Data records —
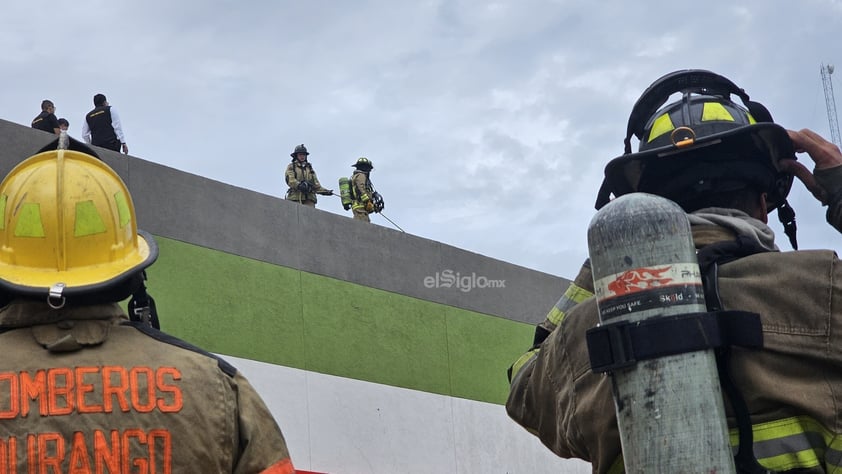 Al instante se activaron los protocolos de emergencia de la tienda para realizar la evacuación ordenada de clientes y personal.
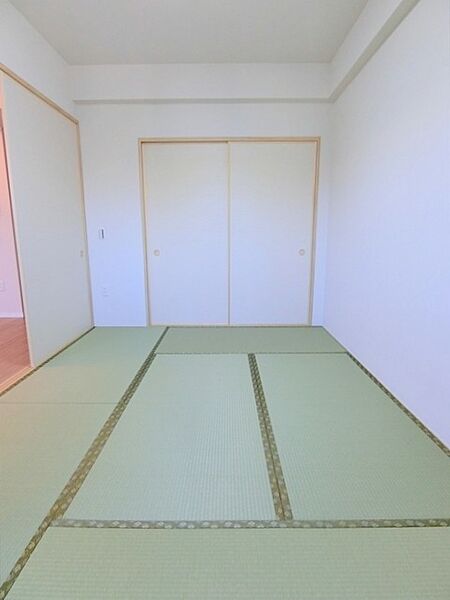 リビング隣接の和室はと目的にご利用できるスペースです。
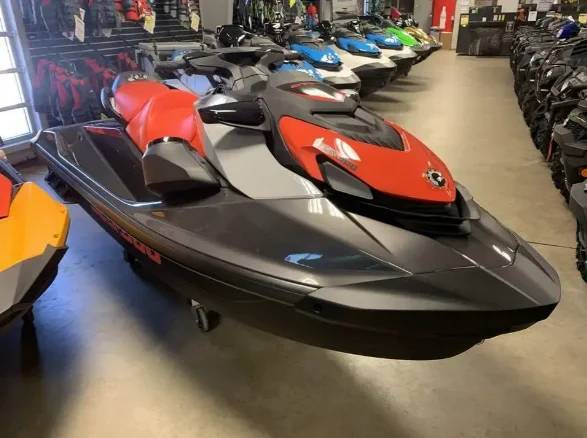 Sea Doo GTI буксировщик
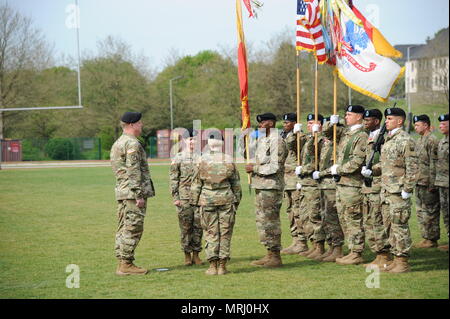 Col. Michelle Donahue, 16th Sustainment Brigade commander, presents a ...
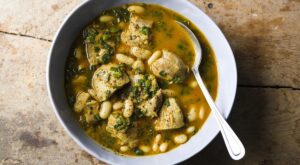 RECIPE: Cardamom-lime chicken and white beans – Washington Times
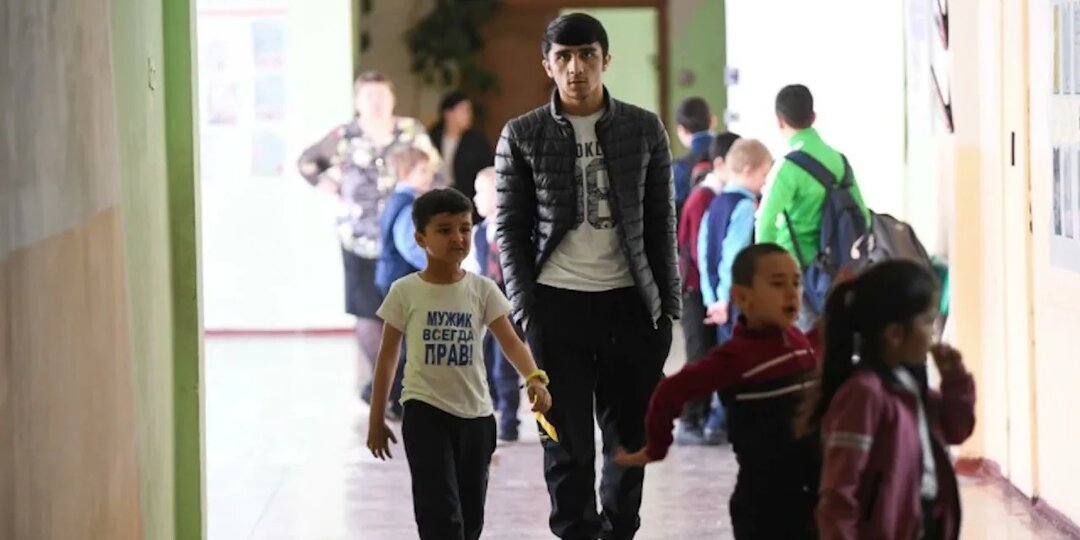 Мигрант-КМСник избил ребенка возле школы по просьбе младшего брата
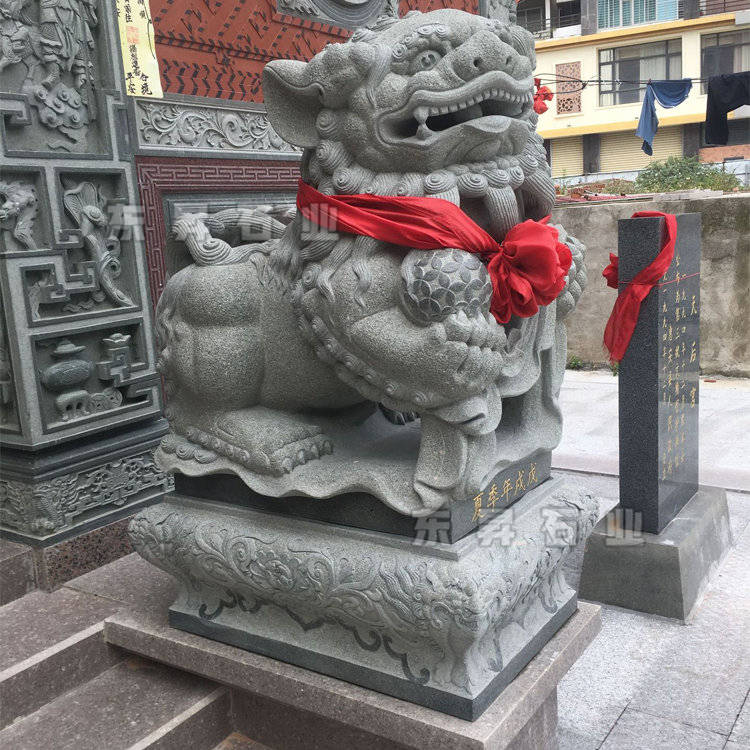 石雕献钱狮介绍
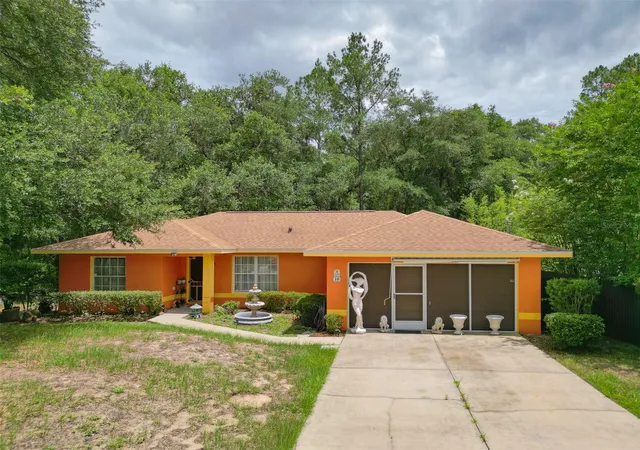 2nd image of 10 Sequoia Dr Tr, Ocklawaha, FL 32179 | MLS# OM724330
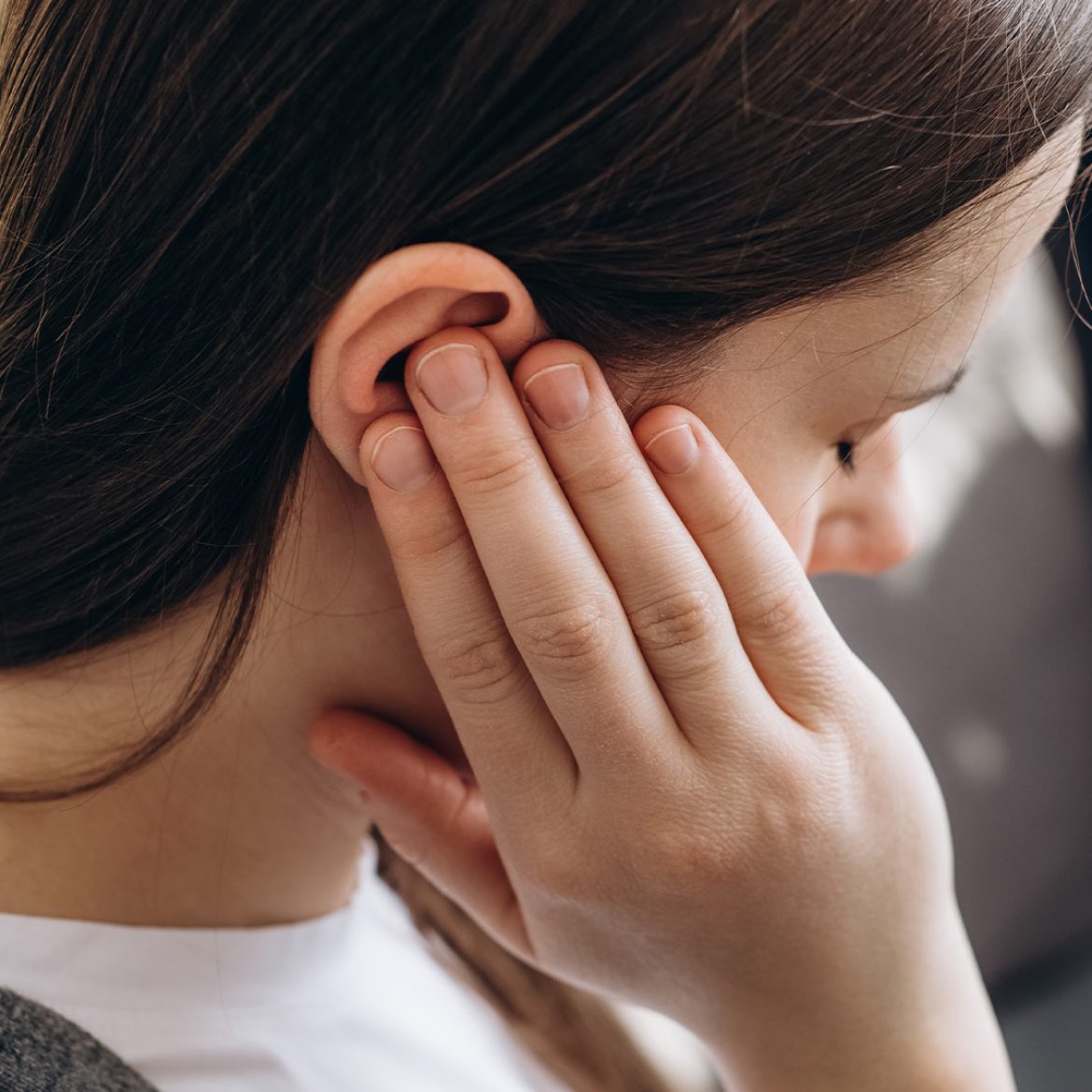 vrouw grijpt naar oor zilvervisje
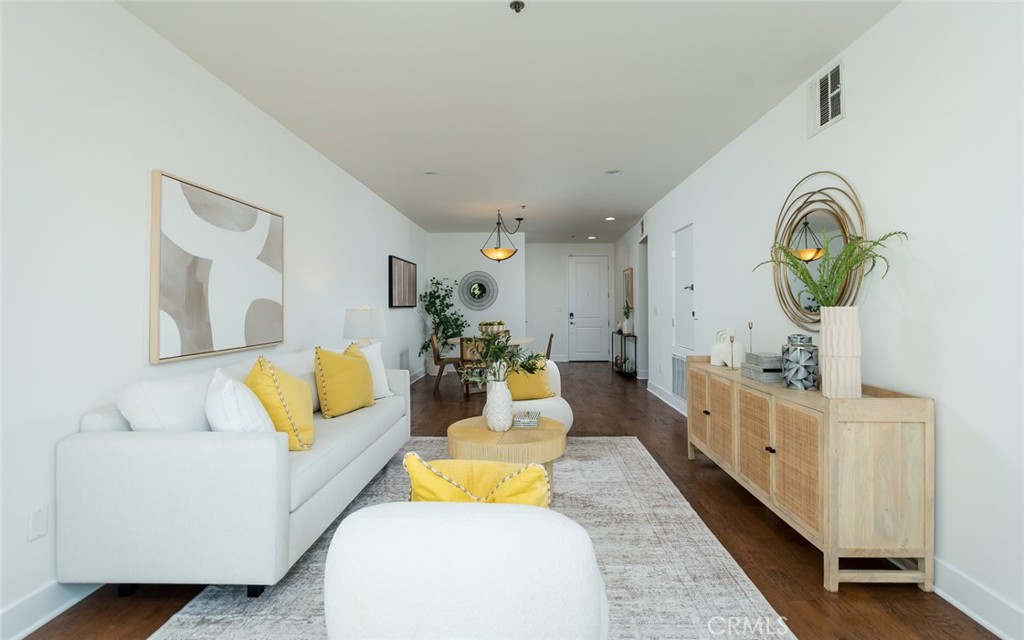 817 N ALFRED Street 205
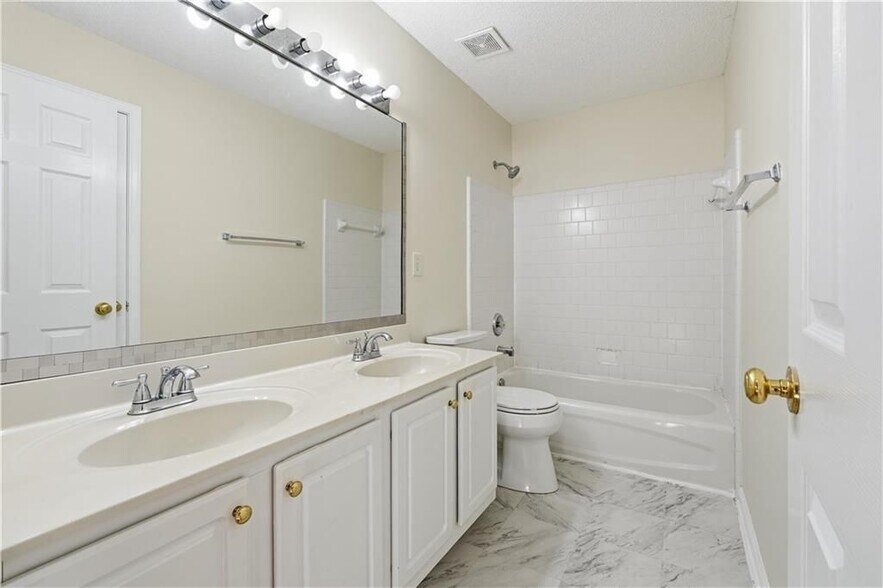 Building Photo - 348 Santa Anita Ave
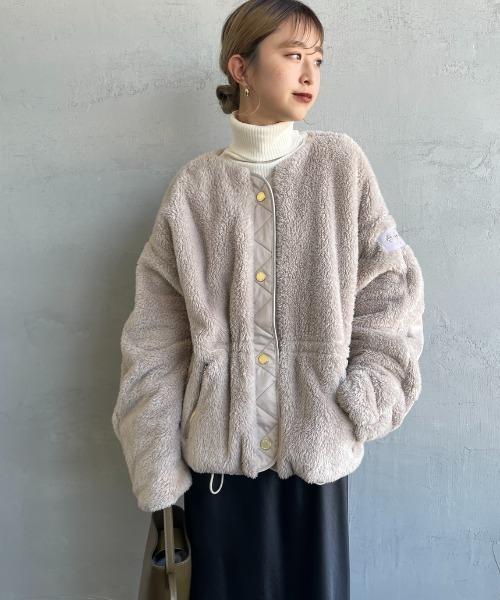 TATRAS（タトラス）の「[TATRAS/タトラス] ANNABELLA ボアフリース ノーカラーブルゾン（ブルゾン・レディース・ライトグレー/ブラック・2/1）」の15枚目の写真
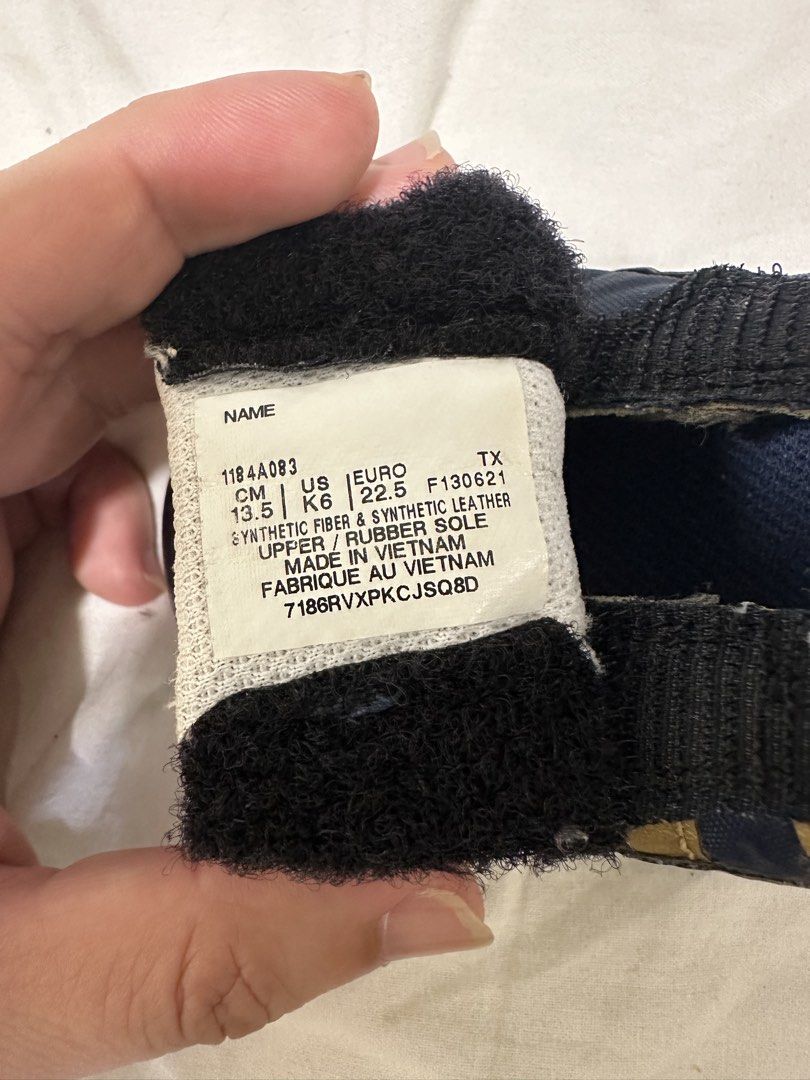 Onitsuka (Blue and Gold) (Category: Babies & Kids Fashion) located in Manila. Submitted by jholoperez (Listing ID 1459745468, Image 2). Description: Onitsuka for Toddler Size 13.5 CM .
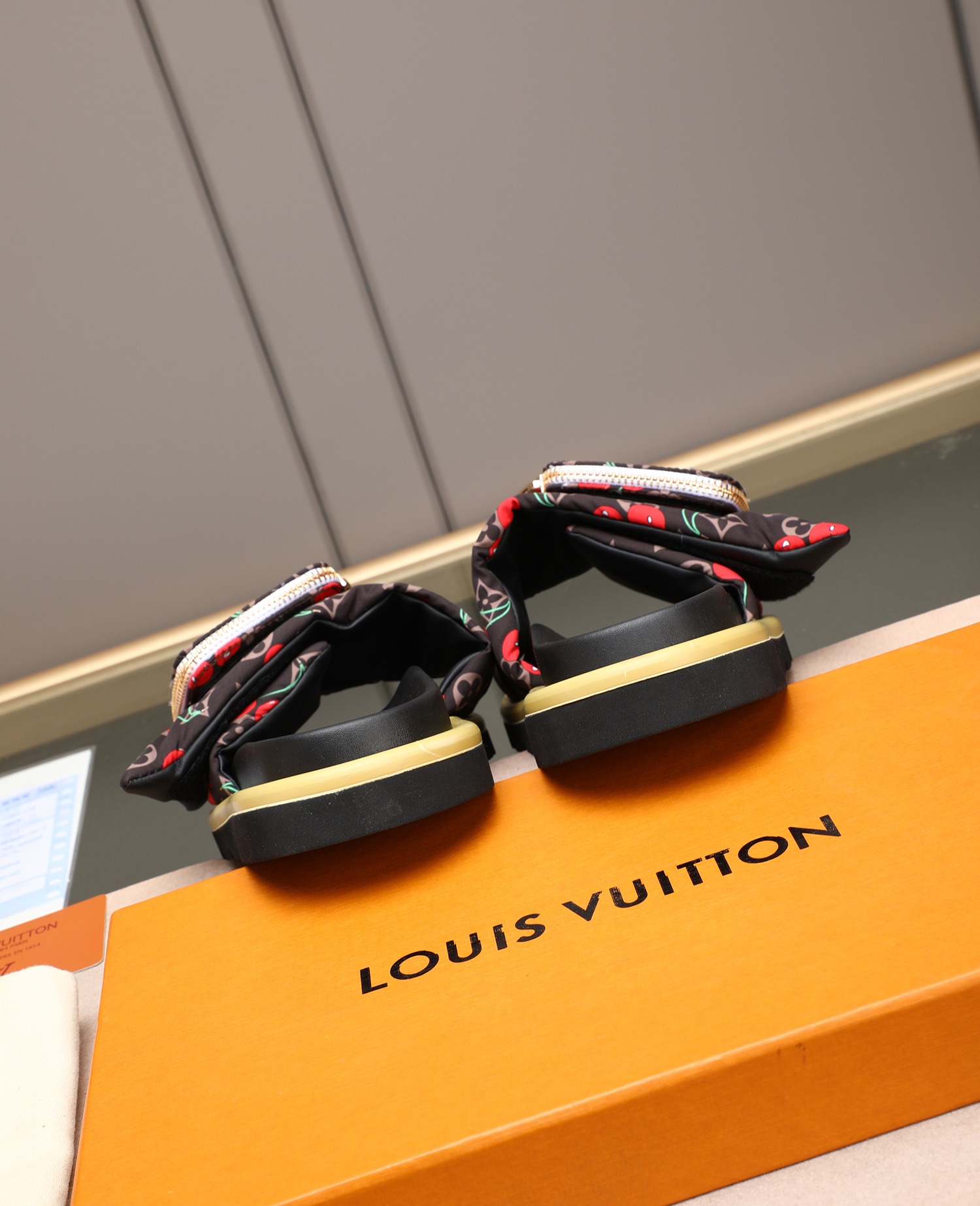 LV 高仿 女款 櫻桃印花口袋拖鞋 黑底可愛設計 夏日潮流款| 10 LV 高仿 女款 櫻桃印花口袋拖鞋 黑底可愛設計 夏日潮流款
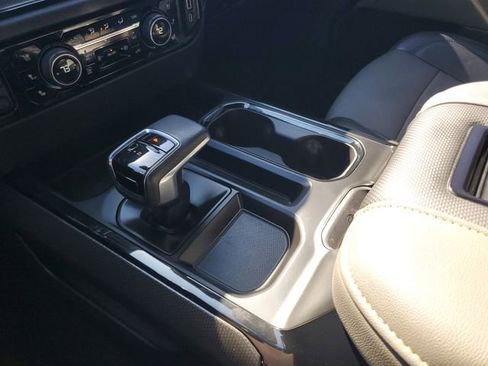 Certified 2022 Chevrolet Silverado 1500 ZR2 w/ Technology Package image 28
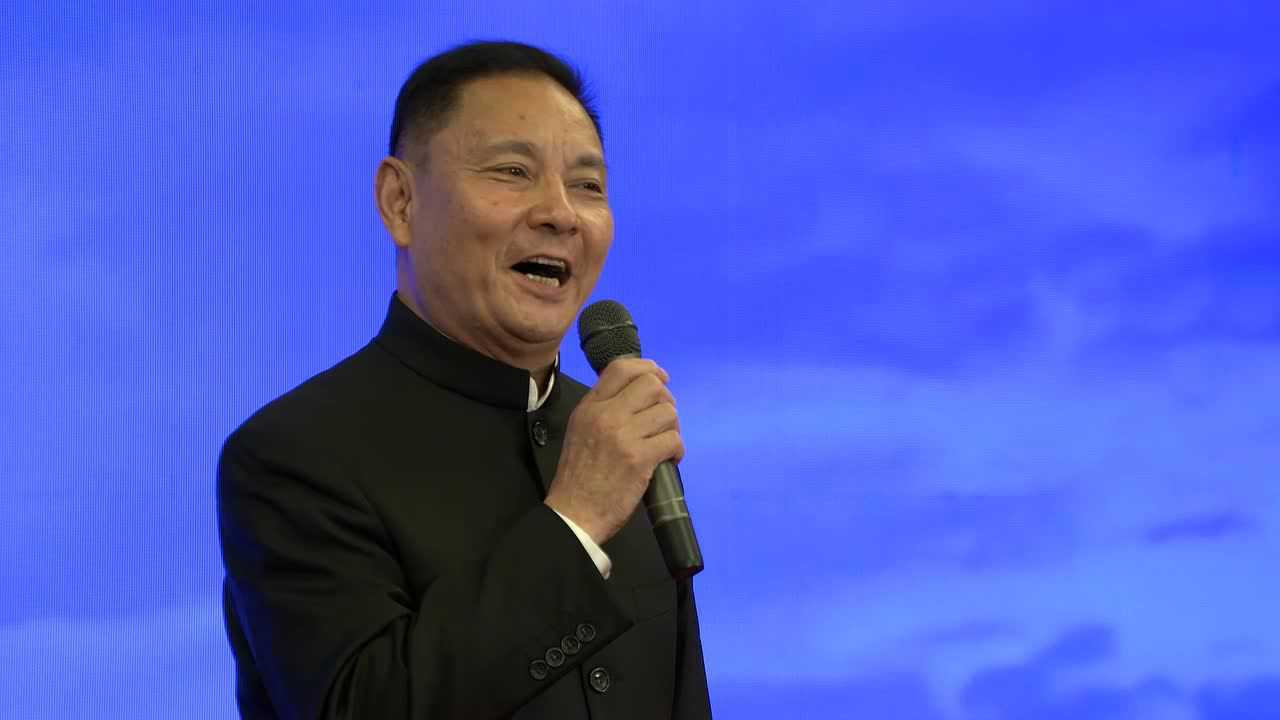 《有的人》朗诵:卢奇_高清1080P在线观看平台_腾讯视频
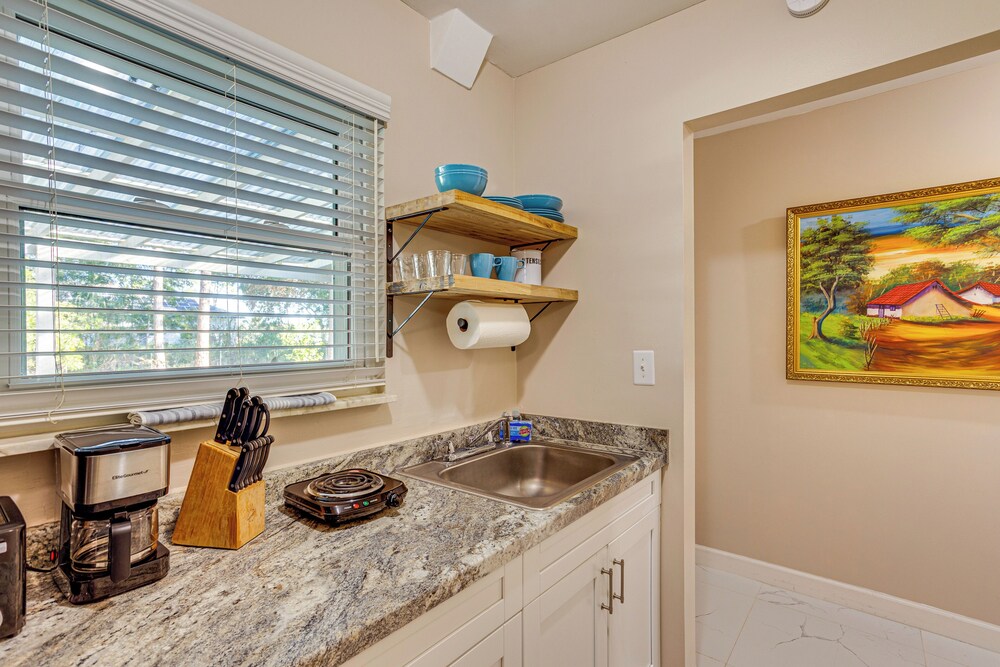 Peaceful Loxahatchee Apartment w/ Covered Porch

Work request — Every record above should be duplicated precisely, with the images removed.

Exercise solution —
 Al instante se activaron los protocolos de emergencia de la tienda para realizar la evacuación ordenada de clientes y personal.
 リビング隣接の和室はと目的にご利用できるスペースです。
 Sea Doo GTI буксировщик
 Col. Michelle Donahue, 16th Sustainment Brigade commander, presents a ...
 RECIPE: Cardamom-lime chicken and white beans – Washington Times
 Мигрант-КМСник избил ребенка возле школы по просьбе младшего брата
 石雕献钱狮介绍
 2nd image of 10 Sequoia Dr Tr, Ocklawaha, FL 32179 | MLS# OM724330
 vrouw grijpt naar oor zilvervisje
 817 N ALFRED Street 205
 Building Photo - 348 Santa Anita Ave
 TATRAS（タトラス）の「[TATRAS/タトラス] ANNABELLA ボアフリース ノーカラーブルゾン（ブルゾン・レディース・ライトグレー/ブラック・2/1）」の15枚目の写真
 Onitsuka (Blue and Gold) (Category: Babies & Kids Fashion) located in Manila. Submitted by jholoperez (Listing ID 1459745468, Image 2). Description: Onitsuka for Toddler Size 13.5 CM .
 LV 高仿 女款 櫻桃印花口袋拖鞋 黑底可愛設計 夏日潮流款| 10 LV 高仿 女款 櫻桃印花口袋拖鞋 黑底可愛設計 夏日潮流款
 Certified 2022 Chevrolet Silverado 1500 ZR2 w/ Technology Package image 28
 《有的人》朗诵:卢奇_高清1080P在线观看平台_腾讯视频
 Peaceful Loxahatchee Apartment w/ Covered Porch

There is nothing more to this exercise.